**Requirement**
Beginning with the line below that contains "Grand Canyon Classic" and ending with the line that contains "Хетчбек Opel Astra 2004 в Ужгороді", copy every line exactly. Copy nothing else.

**Records**
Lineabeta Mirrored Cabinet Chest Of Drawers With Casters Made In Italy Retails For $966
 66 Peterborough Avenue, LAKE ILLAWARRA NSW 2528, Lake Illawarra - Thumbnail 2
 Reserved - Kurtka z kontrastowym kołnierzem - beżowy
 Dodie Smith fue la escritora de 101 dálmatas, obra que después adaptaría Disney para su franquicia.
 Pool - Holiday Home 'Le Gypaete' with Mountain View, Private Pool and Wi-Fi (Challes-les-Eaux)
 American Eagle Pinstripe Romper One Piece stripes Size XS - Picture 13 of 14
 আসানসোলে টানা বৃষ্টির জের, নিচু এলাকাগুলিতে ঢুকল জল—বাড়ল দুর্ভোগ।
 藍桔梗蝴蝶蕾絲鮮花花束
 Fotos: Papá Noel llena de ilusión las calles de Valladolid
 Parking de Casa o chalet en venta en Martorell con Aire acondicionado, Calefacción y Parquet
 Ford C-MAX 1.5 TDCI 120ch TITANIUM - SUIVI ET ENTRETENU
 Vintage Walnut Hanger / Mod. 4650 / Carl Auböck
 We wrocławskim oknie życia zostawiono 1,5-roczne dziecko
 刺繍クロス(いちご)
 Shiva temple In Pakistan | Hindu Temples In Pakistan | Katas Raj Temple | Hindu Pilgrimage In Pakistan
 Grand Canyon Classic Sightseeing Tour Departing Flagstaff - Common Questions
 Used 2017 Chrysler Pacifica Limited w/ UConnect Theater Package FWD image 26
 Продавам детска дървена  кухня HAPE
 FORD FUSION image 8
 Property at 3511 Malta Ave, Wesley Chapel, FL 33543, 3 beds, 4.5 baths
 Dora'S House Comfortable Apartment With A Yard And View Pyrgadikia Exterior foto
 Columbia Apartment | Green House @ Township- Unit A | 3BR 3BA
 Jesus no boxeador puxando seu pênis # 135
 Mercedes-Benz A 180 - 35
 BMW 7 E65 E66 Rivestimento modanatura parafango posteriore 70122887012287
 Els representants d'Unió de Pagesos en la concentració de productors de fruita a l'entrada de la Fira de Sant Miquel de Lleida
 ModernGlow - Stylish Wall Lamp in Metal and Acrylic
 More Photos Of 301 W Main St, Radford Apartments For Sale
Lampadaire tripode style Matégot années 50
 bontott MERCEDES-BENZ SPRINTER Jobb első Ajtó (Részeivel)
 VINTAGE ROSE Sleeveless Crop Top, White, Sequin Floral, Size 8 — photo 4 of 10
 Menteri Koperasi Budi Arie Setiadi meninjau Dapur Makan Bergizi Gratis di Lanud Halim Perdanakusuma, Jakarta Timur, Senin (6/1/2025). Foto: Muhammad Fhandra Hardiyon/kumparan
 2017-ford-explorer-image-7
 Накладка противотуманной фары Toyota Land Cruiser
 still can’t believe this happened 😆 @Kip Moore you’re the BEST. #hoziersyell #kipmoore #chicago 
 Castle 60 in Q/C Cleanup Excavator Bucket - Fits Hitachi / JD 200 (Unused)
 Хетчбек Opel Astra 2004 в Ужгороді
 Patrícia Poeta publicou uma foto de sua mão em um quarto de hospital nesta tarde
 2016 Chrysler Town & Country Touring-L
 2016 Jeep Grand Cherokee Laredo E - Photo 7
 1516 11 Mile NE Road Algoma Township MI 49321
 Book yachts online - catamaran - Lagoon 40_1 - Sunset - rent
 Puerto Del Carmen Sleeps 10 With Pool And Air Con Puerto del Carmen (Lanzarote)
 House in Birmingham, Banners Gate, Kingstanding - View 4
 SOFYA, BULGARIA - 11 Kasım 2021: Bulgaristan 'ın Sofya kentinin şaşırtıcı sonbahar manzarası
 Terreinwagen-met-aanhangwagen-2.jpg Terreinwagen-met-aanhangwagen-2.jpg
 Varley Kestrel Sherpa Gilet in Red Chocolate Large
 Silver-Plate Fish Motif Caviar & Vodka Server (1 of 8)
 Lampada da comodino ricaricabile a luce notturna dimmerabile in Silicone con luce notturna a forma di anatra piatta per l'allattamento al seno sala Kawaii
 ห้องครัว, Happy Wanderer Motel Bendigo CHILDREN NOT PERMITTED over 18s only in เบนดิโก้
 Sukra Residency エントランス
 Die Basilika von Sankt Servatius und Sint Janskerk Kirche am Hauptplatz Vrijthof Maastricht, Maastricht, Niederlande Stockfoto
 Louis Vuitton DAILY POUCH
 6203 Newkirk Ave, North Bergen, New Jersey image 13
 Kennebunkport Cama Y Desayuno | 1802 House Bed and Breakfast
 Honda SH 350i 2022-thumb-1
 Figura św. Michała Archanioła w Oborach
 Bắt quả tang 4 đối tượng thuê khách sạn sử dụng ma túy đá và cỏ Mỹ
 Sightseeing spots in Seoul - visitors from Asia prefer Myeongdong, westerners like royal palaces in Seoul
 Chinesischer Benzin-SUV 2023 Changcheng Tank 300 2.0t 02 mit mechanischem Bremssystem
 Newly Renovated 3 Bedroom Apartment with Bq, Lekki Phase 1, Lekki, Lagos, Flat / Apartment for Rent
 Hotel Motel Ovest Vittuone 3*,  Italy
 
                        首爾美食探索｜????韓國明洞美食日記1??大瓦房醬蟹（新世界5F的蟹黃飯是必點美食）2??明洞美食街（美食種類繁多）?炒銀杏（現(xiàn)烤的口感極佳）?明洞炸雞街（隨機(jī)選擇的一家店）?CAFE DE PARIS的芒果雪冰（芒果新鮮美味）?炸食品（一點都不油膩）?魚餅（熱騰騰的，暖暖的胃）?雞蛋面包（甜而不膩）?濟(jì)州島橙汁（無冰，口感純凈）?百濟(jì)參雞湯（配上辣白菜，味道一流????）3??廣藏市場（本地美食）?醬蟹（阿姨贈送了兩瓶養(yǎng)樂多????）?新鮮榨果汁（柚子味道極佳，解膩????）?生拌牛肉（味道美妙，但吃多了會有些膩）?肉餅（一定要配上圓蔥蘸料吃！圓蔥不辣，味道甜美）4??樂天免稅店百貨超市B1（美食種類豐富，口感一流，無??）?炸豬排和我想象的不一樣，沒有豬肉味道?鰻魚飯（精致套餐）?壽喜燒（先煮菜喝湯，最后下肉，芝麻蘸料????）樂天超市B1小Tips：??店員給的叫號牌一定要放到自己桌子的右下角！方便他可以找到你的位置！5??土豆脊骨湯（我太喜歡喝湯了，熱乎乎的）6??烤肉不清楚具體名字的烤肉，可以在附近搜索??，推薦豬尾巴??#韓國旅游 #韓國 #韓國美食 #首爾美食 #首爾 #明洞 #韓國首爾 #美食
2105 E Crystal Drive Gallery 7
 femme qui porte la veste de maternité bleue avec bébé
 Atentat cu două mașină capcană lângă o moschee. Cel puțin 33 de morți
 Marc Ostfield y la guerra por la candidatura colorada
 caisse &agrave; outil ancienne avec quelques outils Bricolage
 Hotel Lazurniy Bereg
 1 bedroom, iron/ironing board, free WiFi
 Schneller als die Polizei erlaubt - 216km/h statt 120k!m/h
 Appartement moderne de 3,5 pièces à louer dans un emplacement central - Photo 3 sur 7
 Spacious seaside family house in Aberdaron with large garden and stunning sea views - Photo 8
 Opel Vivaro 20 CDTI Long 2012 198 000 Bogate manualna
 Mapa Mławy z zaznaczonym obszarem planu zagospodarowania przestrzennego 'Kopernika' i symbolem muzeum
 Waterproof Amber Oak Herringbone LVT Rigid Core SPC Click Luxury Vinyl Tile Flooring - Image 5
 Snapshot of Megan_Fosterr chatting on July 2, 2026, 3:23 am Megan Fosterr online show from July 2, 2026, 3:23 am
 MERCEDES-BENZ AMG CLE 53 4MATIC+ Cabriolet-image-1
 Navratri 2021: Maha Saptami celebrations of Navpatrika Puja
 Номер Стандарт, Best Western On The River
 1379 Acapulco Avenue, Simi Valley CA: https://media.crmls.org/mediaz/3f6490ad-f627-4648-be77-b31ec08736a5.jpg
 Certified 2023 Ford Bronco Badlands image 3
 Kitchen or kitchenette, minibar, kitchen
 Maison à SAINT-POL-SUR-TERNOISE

**Answer box**
 Grand Canyon Classic Sightseeing Tour Departing Flagstaff - Common Questions
 Used 2017 Chrysler Pacifica Limited w/ UConnect Theater Package FWD image 26
 Продавам детска дървена  кухня HAPE
 FORD FUSION image 8
 Property at 3511 Malta Ave, Wesley Chapel, FL 33543, 3 beds, 4.5 baths
 Dora'S House Comfortable Apartment With A Yard And View Pyrgadikia Exterior foto
 Columbia Apartment | Green House @ Township- Unit A | 3BR 3BA
 Jesus no boxeador puxando seu pênis # 135
 Mercedes-Benz A 180 - 35
 BMW 7 E65 E66 Rivestimento modanatura parafango posteriore 70122887012287
 Els representants d'Unió de Pagesos en la concentració de productors de fruita a l'entrada de la Fira de Sant Miquel de Lleida
 ModernGlow - Stylish Wall Lamp in Metal and Acrylic
 More Photos Of 301 W Main St, Radford Apartments For Sale
Lampadaire tripode style Matégot années 50
 bontott MERCEDES-BENZ SPRINTER Jobb első Ajtó (Részeivel)
 VINTAGE ROSE Sleeveless Crop Top, White, Sequin Floral, Size 8 — photo 4 of 10
 Menteri Koperasi Budi Arie Setiadi meninjau Dapur Makan Bergizi Gratis di Lanud Halim Perdanakusuma, Jakarta Timur, Senin (6/1/2025). Foto: Muhammad Fhandra Hardiyon/kumparan
 2017-ford-explorer-image-7
 Накладка противотуманной фары Toyota Land Cruiser
 still can’t believe this happened 😆 @Kip Moore you’re the BEST. #hoziersyell #kipmoore #chicago 
 Castle 60 in Q/C Cleanup Excavator Bucket - Fits Hitachi / JD 200 (Unused)
 Хетчбек Opel Astra 2004 в Ужгороді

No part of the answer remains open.